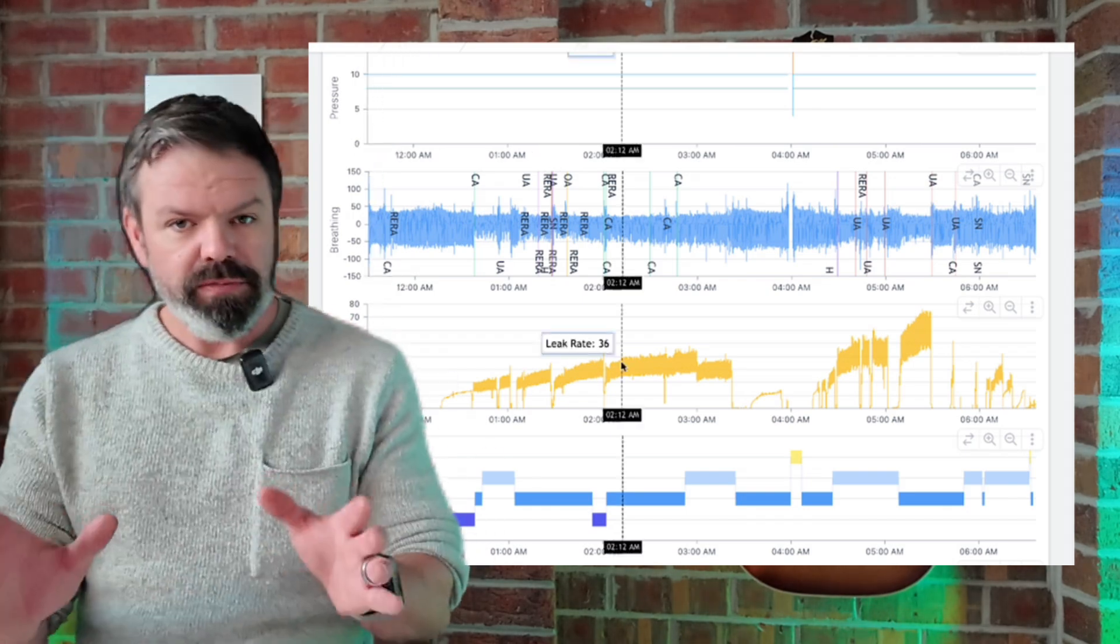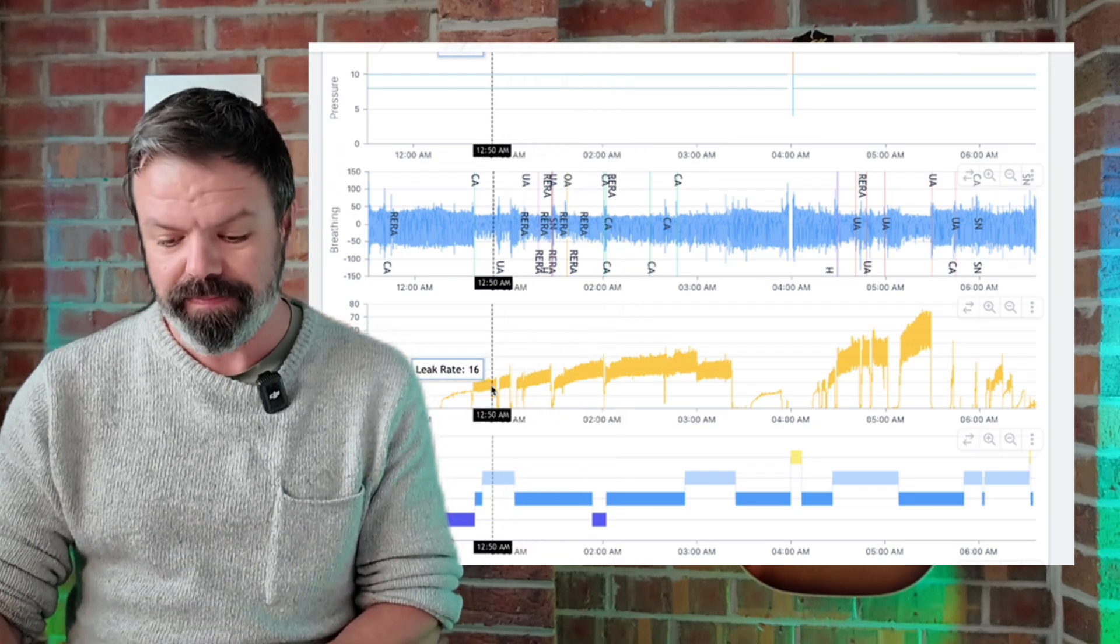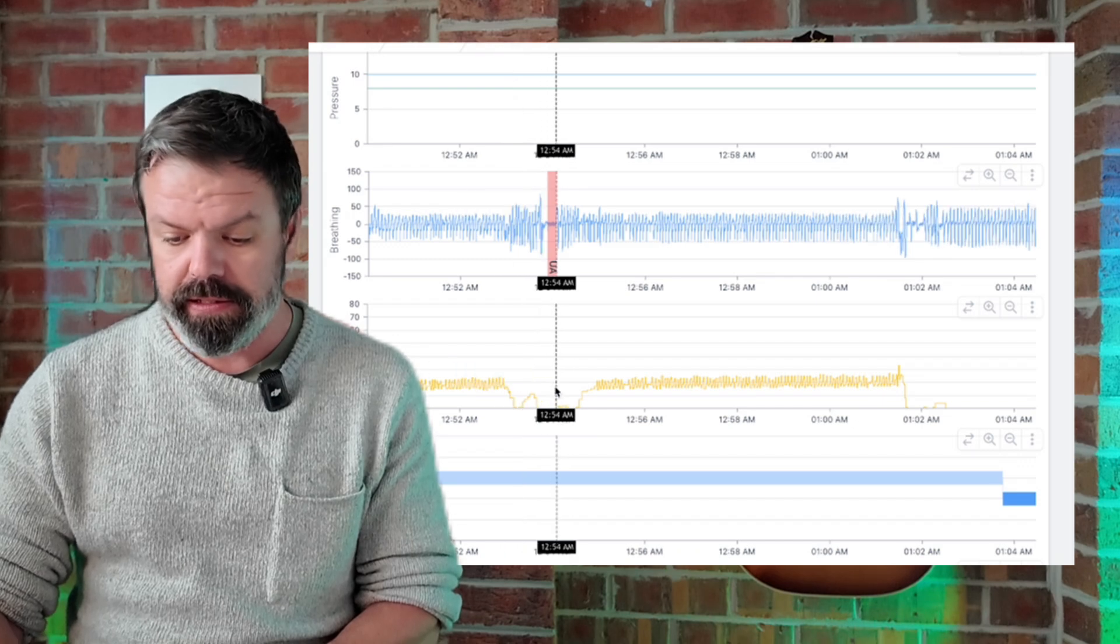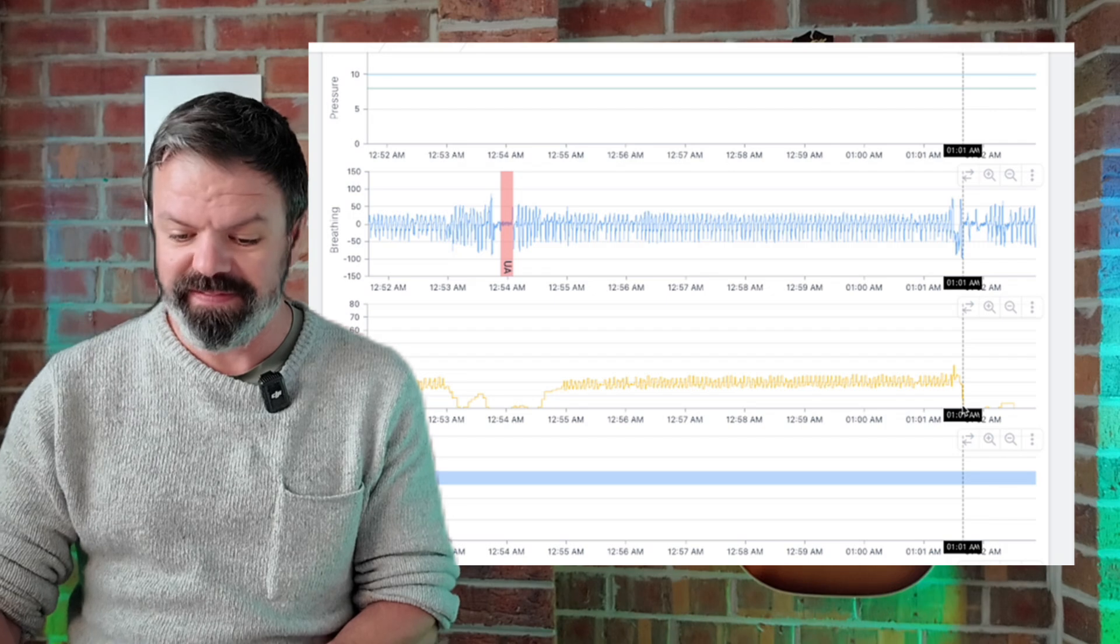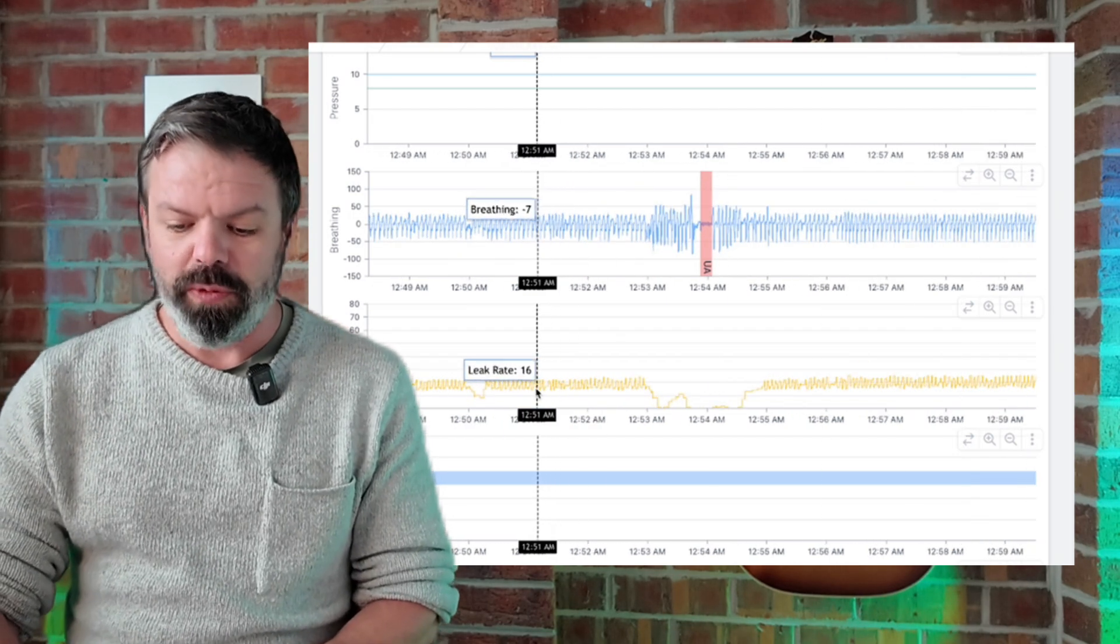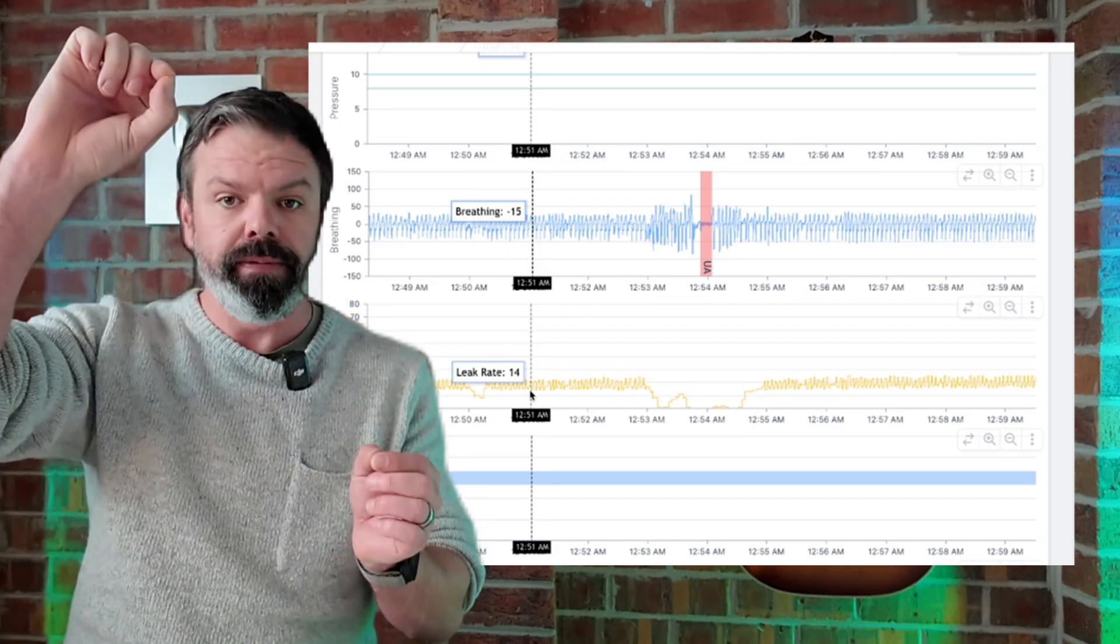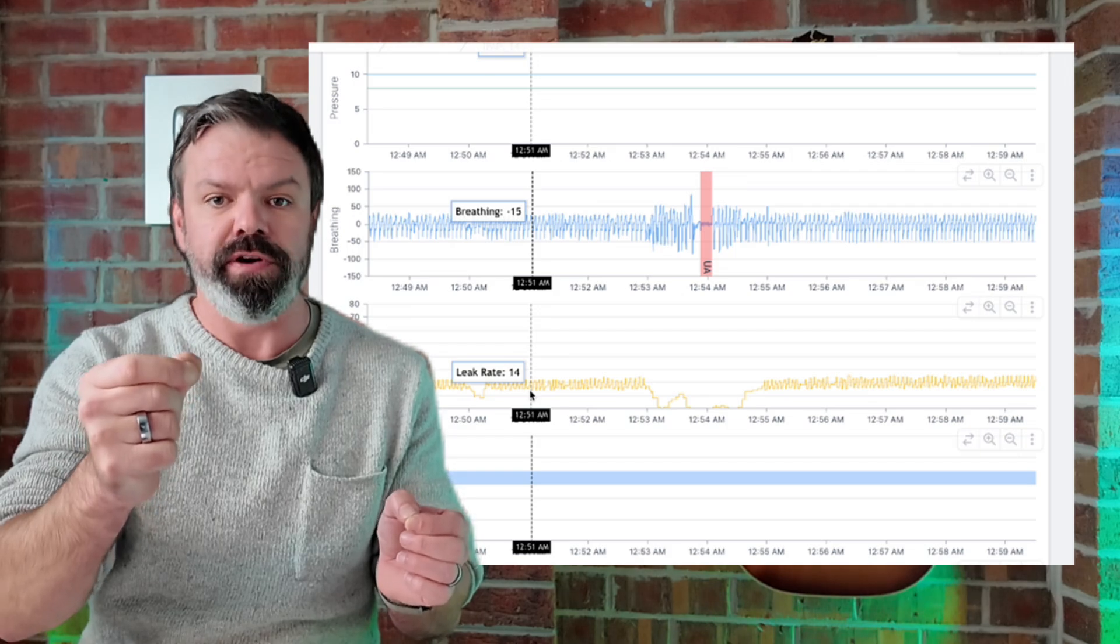Now when it comes to mouth leak, what you're going to see is this. I'm just going to zoom in here by clicking and dragging. What you'll normally see is the leak shoot up, but then it just falls off a cliff - boom, back down to zero.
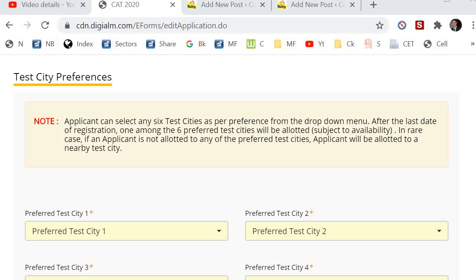This is my last video from the test filling point of view. I'm tired, so I made a video. Test CT preference. Now, this is the most common question students give me.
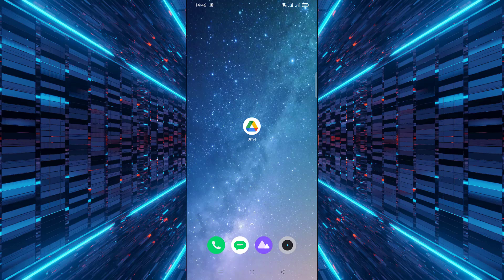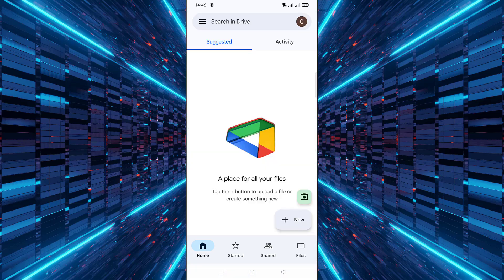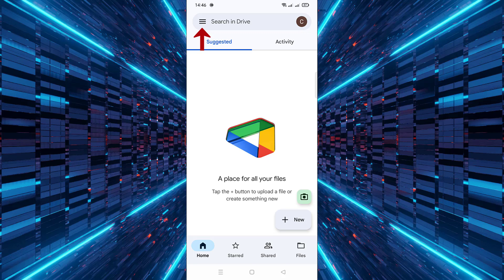First open the Google Drive app on your mobile device. Next, tap the three horizontal lines located at the top left corner of the screen. Then from the side menu tap on backups.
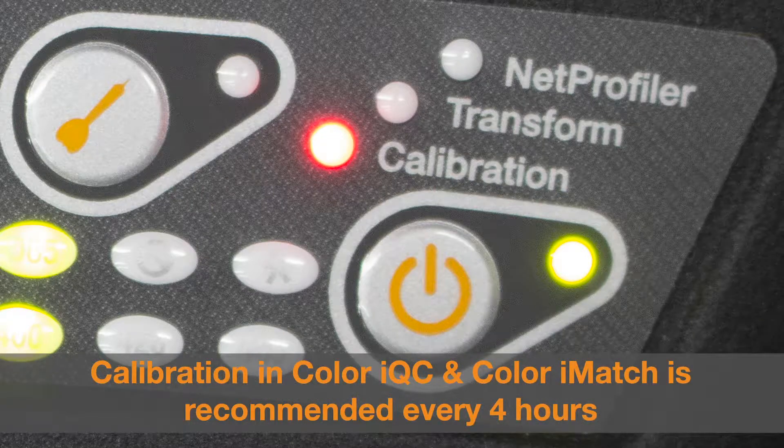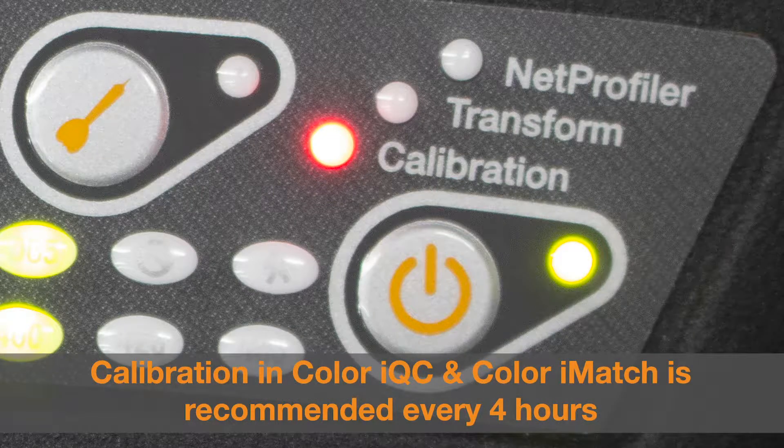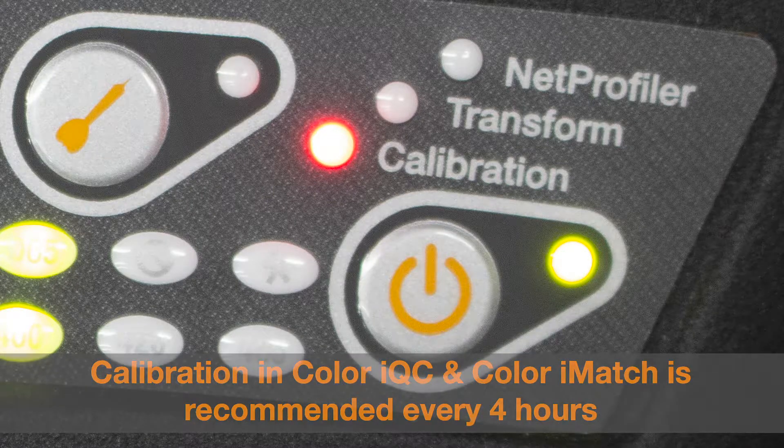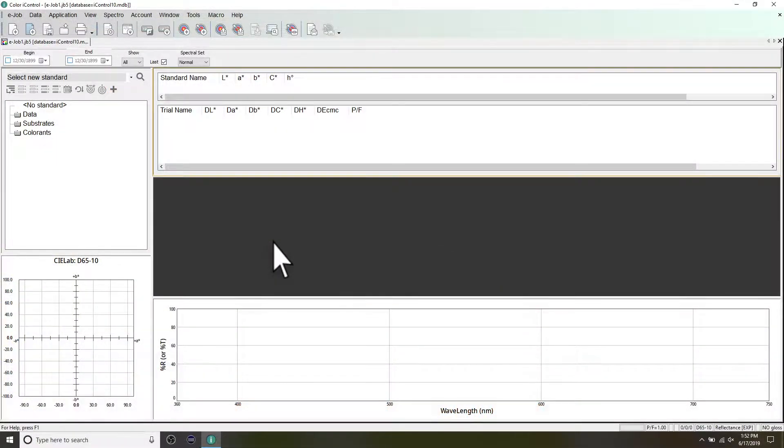The indicator on your instrument will appear red when your calibration is expired. In Color IQC or Color Eye Match, the status bar will also show the remaining time of your calibration.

**The problem:**
A word-for-word restatement of all the lines above is needed, with the pictures omitted.

**Written solution:**
Now when it comes to mouth leak, what you're going to see is this. I'm just going to zoom in here by clicking and dragging. What you'll normally see is the leak shoot up, but then it just falls off a cliff - boom, back down to zero.
This is my last video from the test filling point of view. I'm tired, so I made a video. Test CT preference. Now, this is the most common question students give me.
First open the Google Drive app on your mobile device. Next, tap the three horizontal lines located at the top left corner of the screen. Then from the side menu tap on backups.
The indicator on your instrument will appear red when your calibration is expired. In Color IQC or Color Eye Match, the status bar will also show the remaining time of your calibration.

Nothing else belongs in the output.